Bu yıl Davos Zirvesi'nde öne çıkan başlıkların gıda ve iklim koşularının değişimine bağlı olarak şekillenen jeopolitik dengeler ve sürdürülebilirlik olduğunu aktaran Turan, şunları kaydetti:

Tüm dünyada gıda güvenliğinin risk altında olduğu ve enflasyonu kontrol etmenin daha zor olacağı bir sürece girdik. Bu liste halihazırda ulaştığımız son derece yüksek enflasyon rakamları ve komşu coğrafyalarındaki mülteci akımları nedeniyle Türkiye için bir kat daha zorlu bir süreç oluşturacaktır. Tedarik zincirindeki değişim ve kopma eğilimi pandemiden daha önce de başlamıştı. Korumacılık, devletin ekonomideki rolünün artması, ticaret politikalarının dış politikanın aracı haline getirilmesi gibi gelişmeleri zaten gözlemliyorduk. Ancak bu değişim ve kopma süreci pandemiyle de hız kazandı. Rusya'nın Ukrayna'ya saldırısı ve Çin'deki yeniden artan vakalara karşı alınan radikal tedbirlerle de ciddi bir kırılma yaşandı. Uzun dönemde çoklu krizleri yaşadığımız bu konjonktürde değişimin ne çok hızlı ne de kolay olacağını düşünüyoruz

"Gerekirse büyümeden taviz verilebilir"

Ekonomileri desteklemek için yaşanan rekor parasal genişleme ve düşük faiz politikasının sona erdiğini savunan Turan, enflasyonla mücadelenin temel öncelik olduğu ve gerekirse büyümeden taviz verilebileceği bir döneme girildiğini anlattı.

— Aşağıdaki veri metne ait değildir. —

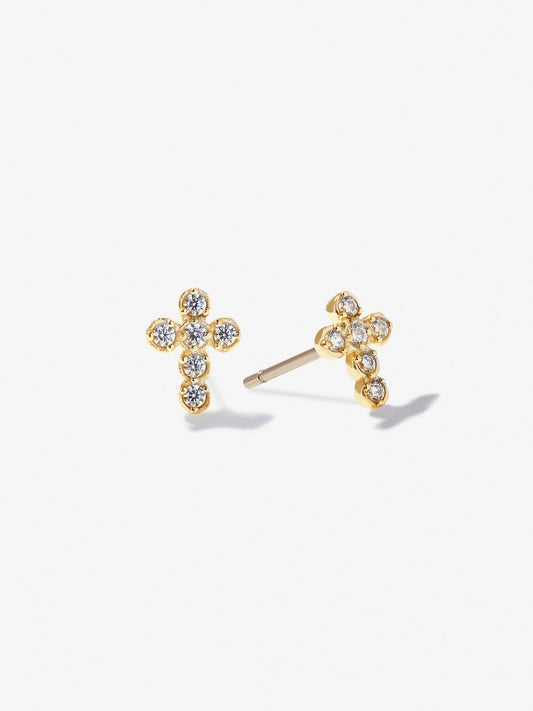 Ana Luisa Jewelry Earring Stud Cross Earrings Aaron Silver
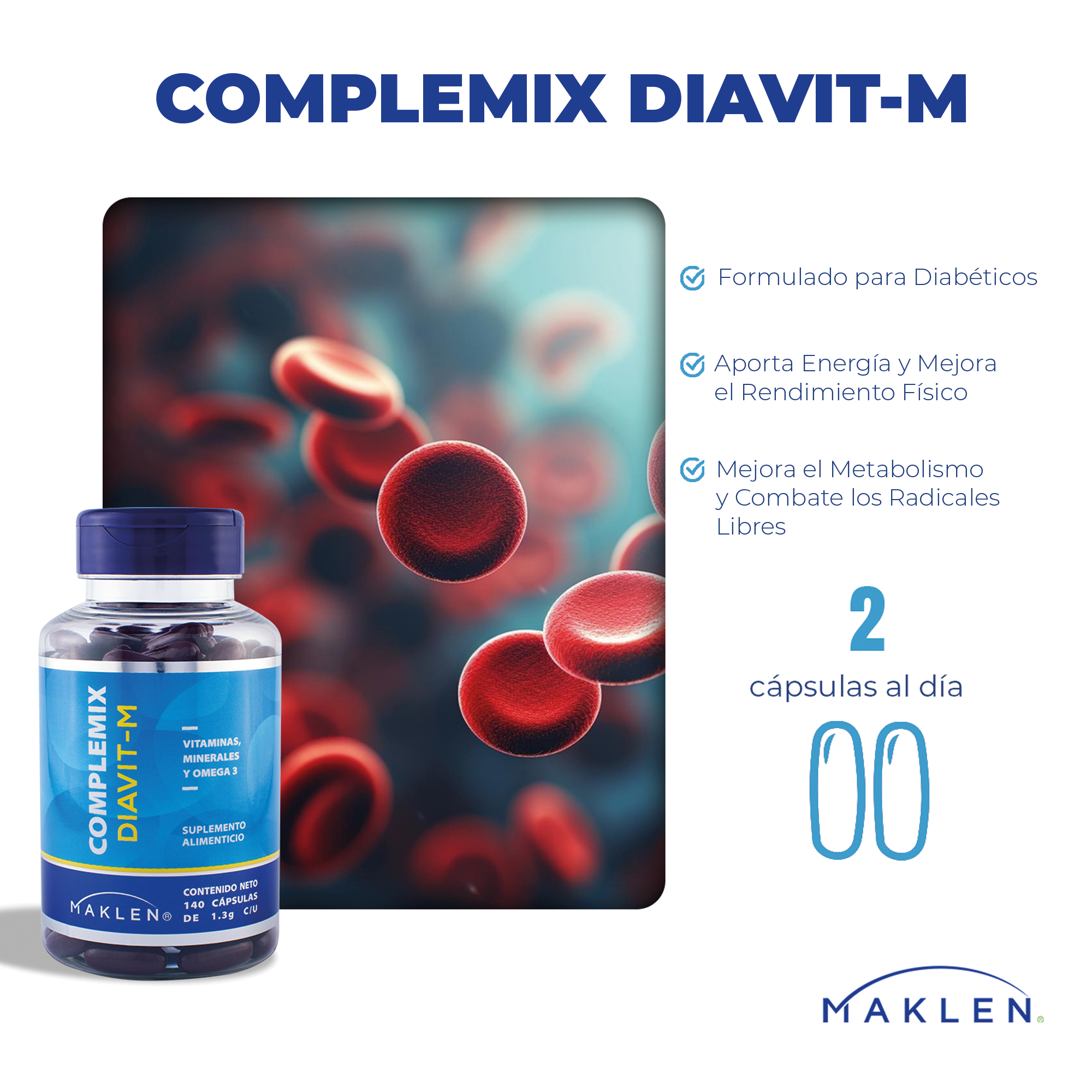 MAKLEN Complemix® DIAVIT-M con Omega 3 | 140 Cápsulas Softgel de 1300mg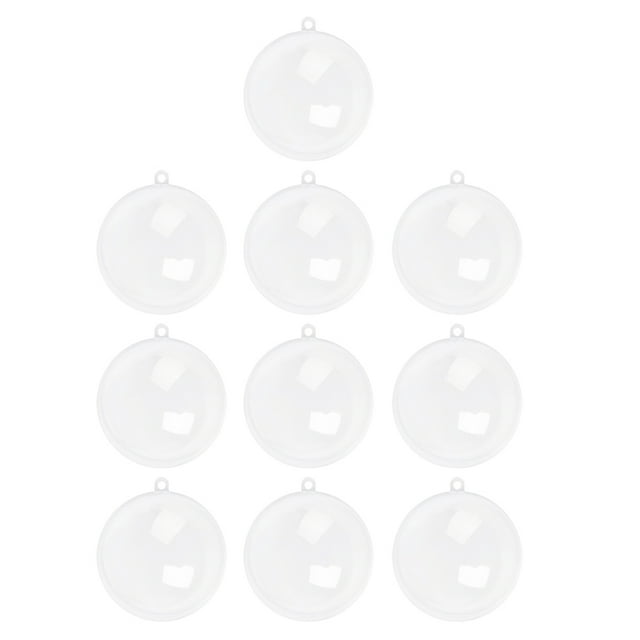 BESTONZON 10pcs Fillable Christmas Balls Clear Plastic Balls Ornaments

"Fırsatları değerlendiremiyoruz"

Tüm dünyada finansman koşullarının zorlaşmaya başladığını vurgulayan Turan, "Türkiye ekonomisi potansiyeli çok yüksek, reel kesimi de yaşanan şoklara karşı son derece esnek bir ekonomi. Bunların yanında güçlü bir finansal sistemimiz var. Keza nüfusumuz son derece genç ve dinamik. Tüm bu gerçekler ekonomimizi emsallerimizden, yakınımızdaki Avrupa ekonomisinden de ayrıştıran güçlü yanlarımız. Bugün geldiğimiz noktada bu denli hızlı değişen ve bir taraftan da yeni fırsatları sunan global koşullarda içeride yaşadığımız enflasyon, kur, faiz döngüsünden çıkamadığımız için bu fırsatları yeterince değerlendiremiyoruz. Dünyadaki değişimin hızını ve bunun sunduğu yatırım fırsatlarını arzu ettiğimiz düzeyde de yakalayamıyoruz" değerlendirmesinde bulundu.

"Ucuz işgücüyle, ihracatta rekabet kazanma devri bitti"

Turan, ucuz işgücüyle, ihracatta rekabet kazanma devrinin yerini yüksek nitelikli iş gücüyle ve teknolojiyle yüksek katma değer yaratmaya bıraktığını dile getirdi.

Türkiye'nin stratejik konumu, lojistik altyapısı ve büyük pazarlara erişim alanı ile uluslararası yatırımcılar için önemli bir yatırım merkezi olduğunu, bu rolünü güçlendirmek için hem özel sektör hem de kamu tarafından yürütülen çalışmaların hızlıca hayata geçirilmesinin önem taşıdığını ifade eden Turan, "Zor global koşullar beraberinde yeni fırsatlar da getiriyor. Ülkemizin içinde bulunduğu coğrafya bir taraftan son derece zorlu fakat bir taraftan da iktisadi açıdan muazzam avantajlar barındırmaktadır" görüşünü paylaştı.